It does take significantly more time and trial and error to establish but once you've got it set-up it runs perfectly :2thumb:


----------



## Jeffers3 (May 18, 2010)

antcherry88 said:


> Jeffers you'e misunderstood me I'm not trying to convince you or anyone else I'm just commenting for the sake of others who may be reading this thread. As it reads so far it's coming across as if placing the probe in the cool end has significant disadvantages whereas I know from experience that they're easily overcome and you can have a set-up which has just as good control over the temperatures and the gradient as a probe in the hot end, with the added benefit of additional safety from overheating (which once summer arrives we all know becomes the issue of every other post on this forum lol).
> 
> It does take significantly more time and trial and error to establish but once you've got it set-up it runs perfectly :2thumb:


I'm sorry if it has come across as critical.
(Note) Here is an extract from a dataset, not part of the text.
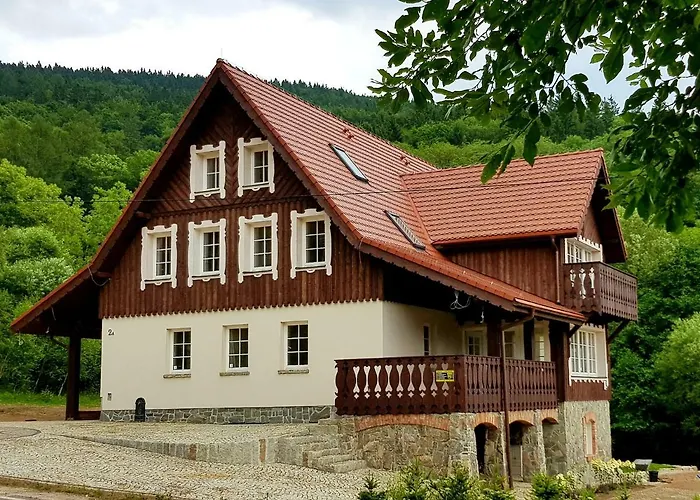 Dom Jesionow Bauernhof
That wasn't my intention. I was hoping to suggest that it's not just a case of placing a probe in position X. You need to think about the whole system.


----------



## Nick_96297 (Oct 17, 2011)

Quick update, I have placed the probe in the hot end and now get a 105f/40.5c basking spot, 90f/32c ambient temp and 75f/24c cool end, which I think is right?, someone correct me if I am wrong.

Will be getting cable clips so don't have a go at me about the tape as it is only temporary.

Here is a photo jeffers, is the probe placement correct?










Thanks

Nick : victory:


----------



## Nick_96297 (Oct 17, 2011)

Bump up


----------